Task to complete =>
Your output should be everything below from the line containing "Saffron Butter Crispy" down to the line containing "Full view of", both ends included, copied exactly, with pictures left out.

Input for this task =>

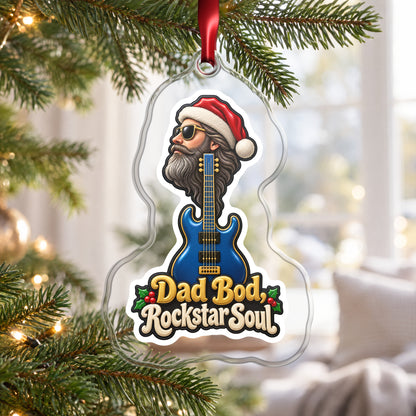 Dad Bod, Rockstar Soul Guitar clear acrylic Christmas ornament hanging on a Christmas tree by a bright window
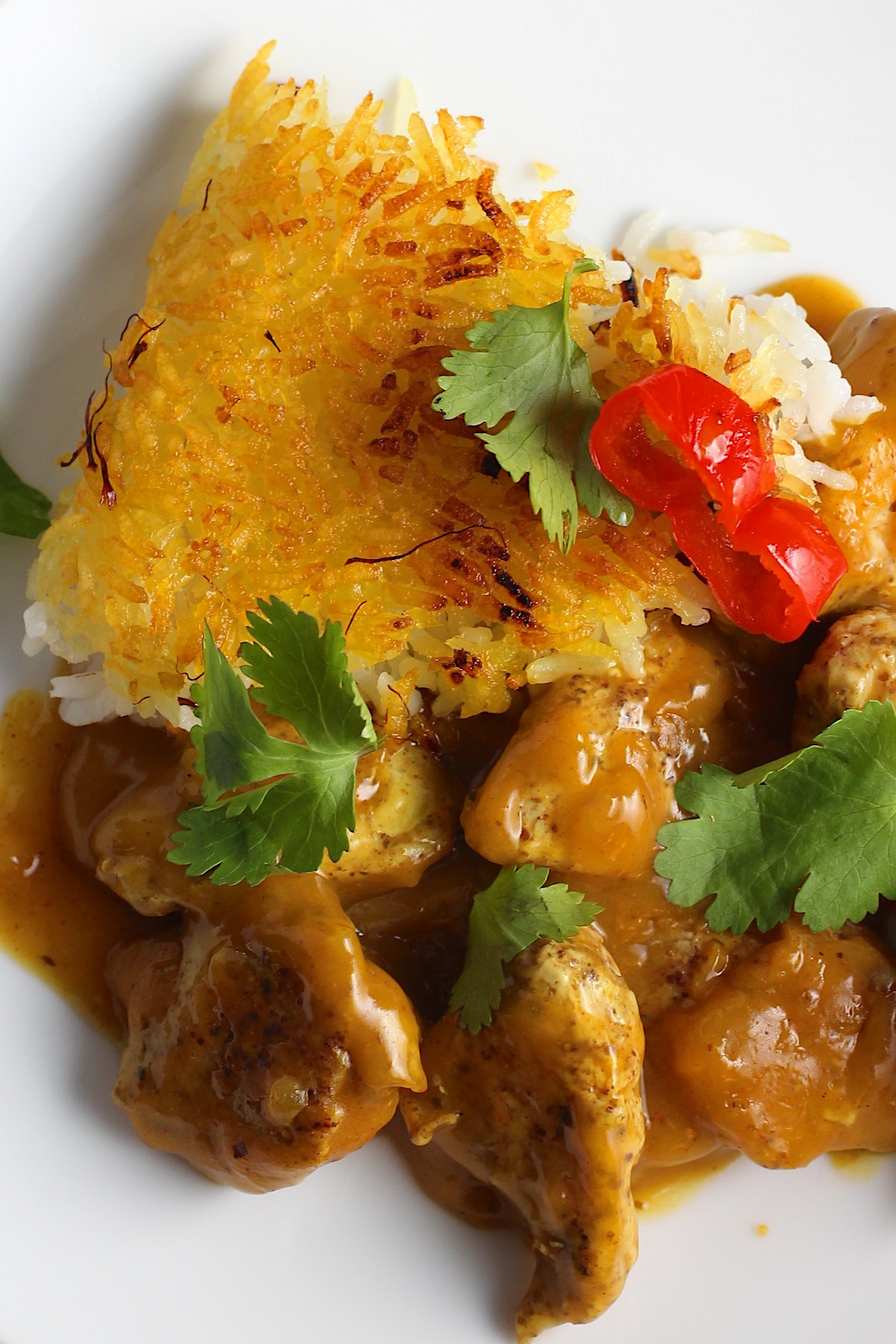 Saffron Butter Crispy Rice slice on a plate with chicken and cilantro and peppadew peppers on top. Saffron brings a floral note and beautiful yellow-orange color. Added to the butter is what gives this crispy rice the buttery, crispy bottom.
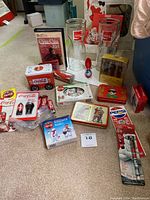 Full view of Coca-Cola collectibles including playing cards, tin boxes, lighters, pens, and glasses arranged on the floor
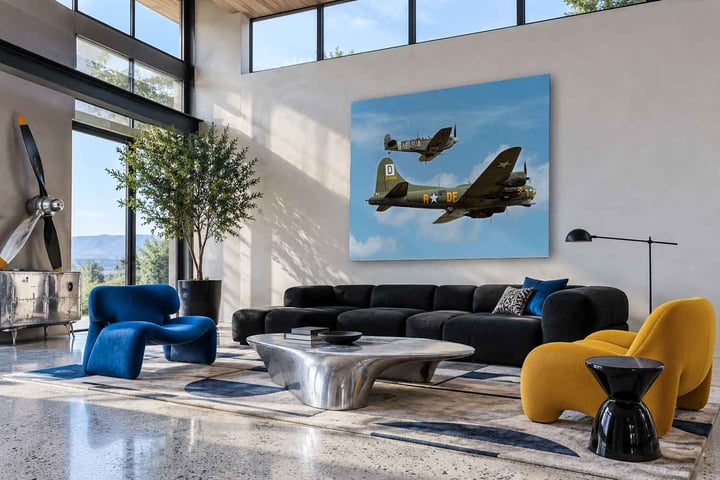 Large aviation photograph of a B-17 and a Spitfire in flight on the wall of a sunlit living room with tall windows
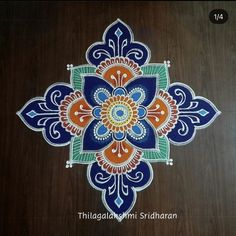 an intricate design on the floor is painted with blue, orange and green colors to make it look like a flower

Solution to the exercise =>
 Saffron Butter Crispy Rice slice on a plate with chicken and cilantro and peppadew peppers on top. Saffron brings a floral note and beautiful yellow-orange color. Added to the butter is what gives this crispy rice the buttery, crispy bottom.
 Full view of Coca-Cola collectibles including playing cards, tin boxes, lighters, pens, and glasses arranged on the floor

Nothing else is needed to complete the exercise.